Connecting Grand Central Station to the Long Island Rail Road (LIRR), the busiest commuter rail system in the country, via a new six-mile long tunnel, when finished, it is expected to serve 162,000 LIRR commuters every day. The $10.2 billion project, East Side Access, represents the first LIRR expansion in more than a century.
In total, the LIRR station at Grand Central will be 350,000 square feet, with two upper platforms, two lower ones, and a mezzanine. The terminal under Grand Central will have four platforms serving eight tracks over the two levels. Also being built is a retail and dining concourse.
By creating a new access point at Grand Central Station, the MTA says some commuters who work on the East Side will save up to 40 minutes on their daily commutes. They will no longer have to disembark at Penn Station on Manhattan’s West Side, only to then have to circle back east. As mentioned above, the new terminal will bring over 160,000 LIRR commuters daily from the far end of Long Island through a new Queens station in the Sunnyside neighborhood which will be linked to the 120-foot tunnel under Northern Boulevard. It will be a part of a seven-mile network of new tunnels.
The East Side Access was supposed to cost $4.3 billion when it was first proposed. That ballooned to $6.3 billion in 2006, $8.4 billion in 2012, and is now expected to cost $10.2 billion. However, the project is now on budget, and is expected to remain so until it’s opening. The target completion date is late 2022, which is over a decade later than what was anticipated. MTA officials say the delays were due to the challenges of securing funding and carting away millions of cubic yards of debris from blasting and boring through rock and mud.

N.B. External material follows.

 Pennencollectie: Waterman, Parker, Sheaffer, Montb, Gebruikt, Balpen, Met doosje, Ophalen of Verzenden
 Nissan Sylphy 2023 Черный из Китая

At this very moment, the project is said to be about 60% completed. Construction at Grand Central has begun at one of several access points that will connect LIRR passengers with Grand Central Terminal. The construction is taking place at what was the dining and sitting area of Grand Central. From that point, it will be about a two-minute escalator ride down 180 feet to the new LIRR concourse. 2022 can’t come soon enough!